▸ Listed entries:
※ ※ ※

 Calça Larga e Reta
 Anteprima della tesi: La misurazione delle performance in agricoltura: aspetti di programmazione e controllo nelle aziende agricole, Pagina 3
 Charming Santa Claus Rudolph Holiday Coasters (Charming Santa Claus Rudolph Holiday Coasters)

※ ※ ※

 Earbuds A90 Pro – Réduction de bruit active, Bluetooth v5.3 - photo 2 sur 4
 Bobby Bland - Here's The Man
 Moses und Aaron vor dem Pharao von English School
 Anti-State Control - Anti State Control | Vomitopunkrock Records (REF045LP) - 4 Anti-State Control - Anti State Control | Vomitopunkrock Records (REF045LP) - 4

※ ※ ※

▸ Exercise:
In the listing above, find the line containing "Calça Larga e Reta" and the line containing "Charming Santa Claus Rudolph Holiday Coasters (Charming", then retype both and every line between them exactly, with nothing else.

▸ Result of the exercise:
 Calça Larga e Reta
 Anteprima della tesi: La misurazione delle performance in agricoltura: aspetti di programmazione e controllo nelle aziende agricole, Pagina 3
 Charming Santa Claus Rudolph Holiday Coasters (Charming Santa Claus Rudolph Holiday Coasters)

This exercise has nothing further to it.